Segment Start: DATA FOR THIS TASK

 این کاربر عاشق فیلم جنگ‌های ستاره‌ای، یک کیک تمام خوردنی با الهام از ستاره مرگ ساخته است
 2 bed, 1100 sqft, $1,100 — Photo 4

Segment End: DATA FOR THIS TASK
Segment Start: DATA FOR THIS TASK

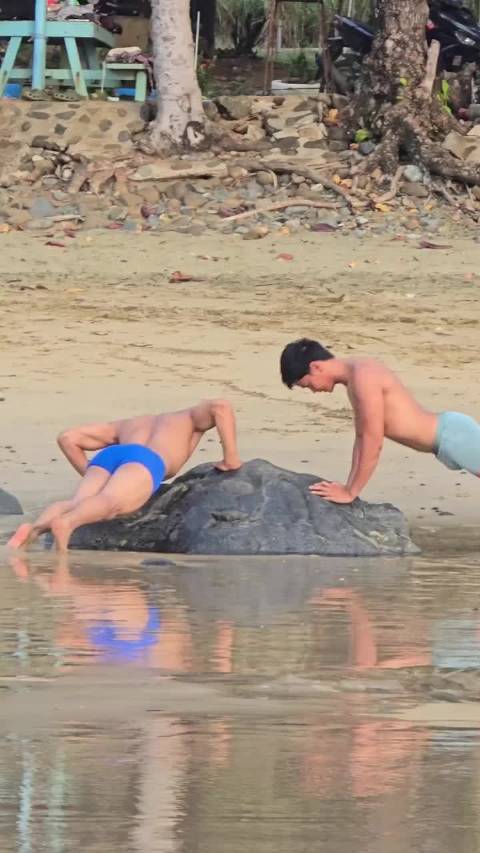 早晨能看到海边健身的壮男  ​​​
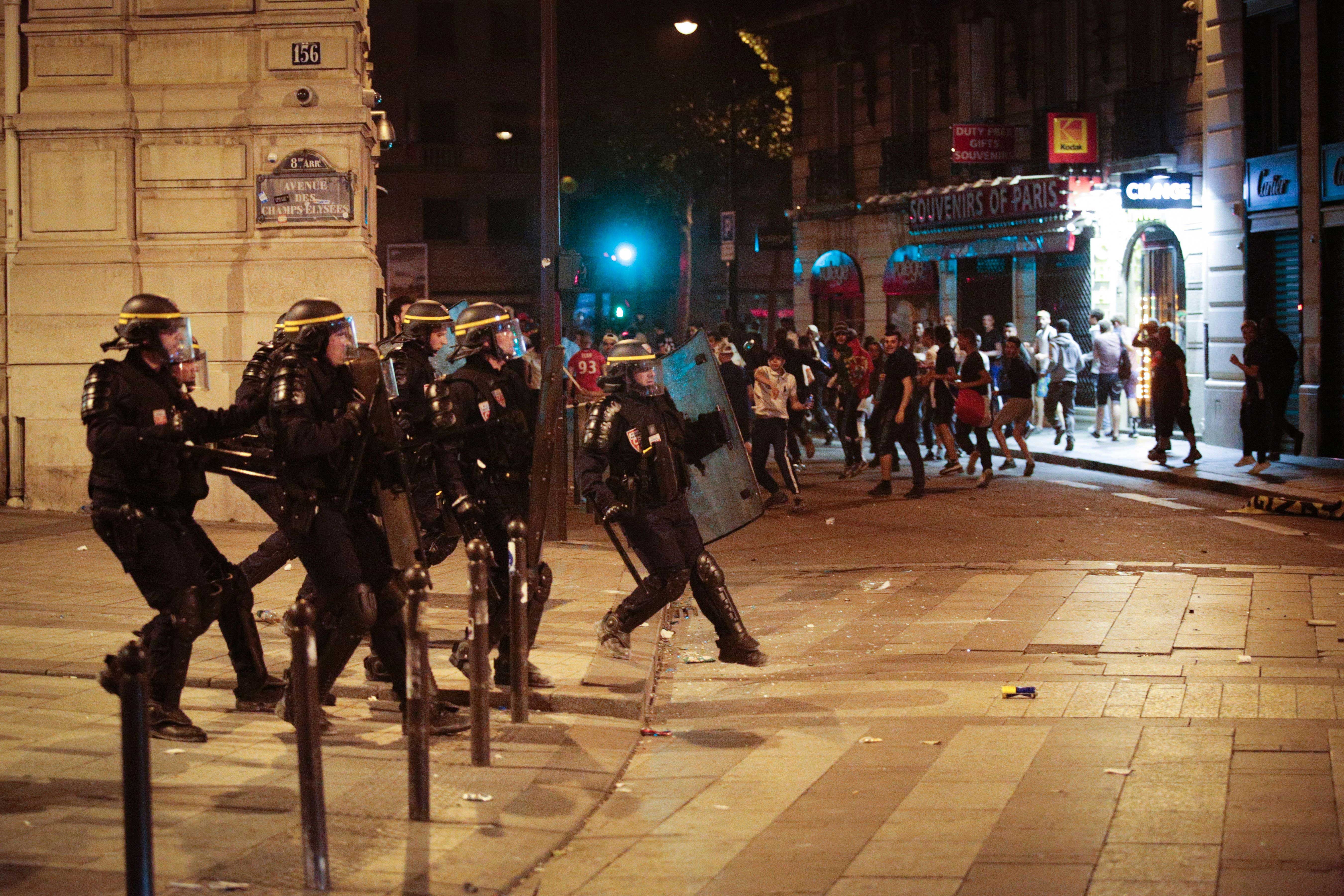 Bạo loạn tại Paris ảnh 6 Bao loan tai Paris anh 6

Segment End: DATA FOR THIS TASK

§ **ABOUT THIS EXERCISE**
Begin at the line that has "این کاربر عاشق" in the entries above; stop after the line that has "2 bed, 1100 sqft, $1,100 — Photo 4". Transcribe exactly those lines and no others.

§ **RESULT**
 این کاربر عاشق فیلم جنگ‌های ستاره‌ای، یک کیک تمام خوردنی با الهام از ستاره مرگ ساخته است
 2 bed, 1100 sqft, $1,100 — Photo 4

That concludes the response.